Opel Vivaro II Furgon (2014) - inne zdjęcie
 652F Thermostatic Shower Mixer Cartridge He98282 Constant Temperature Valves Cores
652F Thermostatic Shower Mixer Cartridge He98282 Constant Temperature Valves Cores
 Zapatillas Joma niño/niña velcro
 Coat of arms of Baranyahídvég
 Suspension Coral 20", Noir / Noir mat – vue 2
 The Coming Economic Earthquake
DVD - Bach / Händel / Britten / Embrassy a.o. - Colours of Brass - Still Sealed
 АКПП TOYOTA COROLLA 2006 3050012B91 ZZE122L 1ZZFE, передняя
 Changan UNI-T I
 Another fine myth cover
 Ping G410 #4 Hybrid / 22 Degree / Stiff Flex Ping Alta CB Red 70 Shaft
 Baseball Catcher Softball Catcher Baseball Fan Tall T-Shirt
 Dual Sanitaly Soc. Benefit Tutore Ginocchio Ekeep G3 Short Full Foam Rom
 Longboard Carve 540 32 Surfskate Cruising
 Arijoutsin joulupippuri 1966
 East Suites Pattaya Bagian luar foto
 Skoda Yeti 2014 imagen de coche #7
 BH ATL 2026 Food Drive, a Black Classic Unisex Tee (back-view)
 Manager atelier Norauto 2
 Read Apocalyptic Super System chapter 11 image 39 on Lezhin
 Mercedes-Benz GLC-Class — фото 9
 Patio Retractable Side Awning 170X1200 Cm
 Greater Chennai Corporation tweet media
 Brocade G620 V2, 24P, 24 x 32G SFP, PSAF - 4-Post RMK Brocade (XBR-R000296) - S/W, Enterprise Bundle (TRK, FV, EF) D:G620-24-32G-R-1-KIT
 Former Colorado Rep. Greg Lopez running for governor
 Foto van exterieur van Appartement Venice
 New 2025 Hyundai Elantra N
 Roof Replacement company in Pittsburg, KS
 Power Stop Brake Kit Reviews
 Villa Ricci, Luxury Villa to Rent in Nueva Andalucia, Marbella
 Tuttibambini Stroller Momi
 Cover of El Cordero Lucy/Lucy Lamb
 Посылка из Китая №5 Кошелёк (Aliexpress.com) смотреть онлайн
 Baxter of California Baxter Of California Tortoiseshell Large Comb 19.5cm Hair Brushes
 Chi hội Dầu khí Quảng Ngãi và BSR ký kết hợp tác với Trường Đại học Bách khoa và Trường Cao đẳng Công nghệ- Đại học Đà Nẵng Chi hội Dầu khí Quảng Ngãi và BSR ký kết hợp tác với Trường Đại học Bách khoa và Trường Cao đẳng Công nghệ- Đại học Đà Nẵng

============

From the data above, output exactly the lines between the one containing "BH ATL 2026" and the one containing "Cover of El Cordero Lucy/Lucy Lamb", counting both of them.

 BH ATL 2026 Food Drive, a Black Classic Unisex Tee (back-view)
 Manager atelier Norauto 2
 Read Apocalyptic Super System chapter 11 image 39 on Lezhin
 Mercedes-Benz GLC-Class — фото 9
 Patio Retractable Side Awning 170X1200 Cm
 Greater Chennai Corporation tweet media
 Brocade G620 V2, 24P, 24 x 32G SFP, PSAF - 4-Post RMK Brocade (XBR-R000296) - S/W, Enterprise Bundle (TRK, FV, EF) D:G620-24-32G-R-1-KIT
 Former Colorado Rep. Greg Lopez running for governor
 Foto van exterieur van Appartement Venice
 New 2025 Hyundai Elantra N
 Roof Replacement company in Pittsburg, KS
 Power Stop Brake Kit Reviews
 Villa Ricci, Luxury Villa to Rent in Nueva Andalucia, Marbella
 Tuttibambini Stroller Momi
 Cover of El Cordero Lucy/Lucy Lamb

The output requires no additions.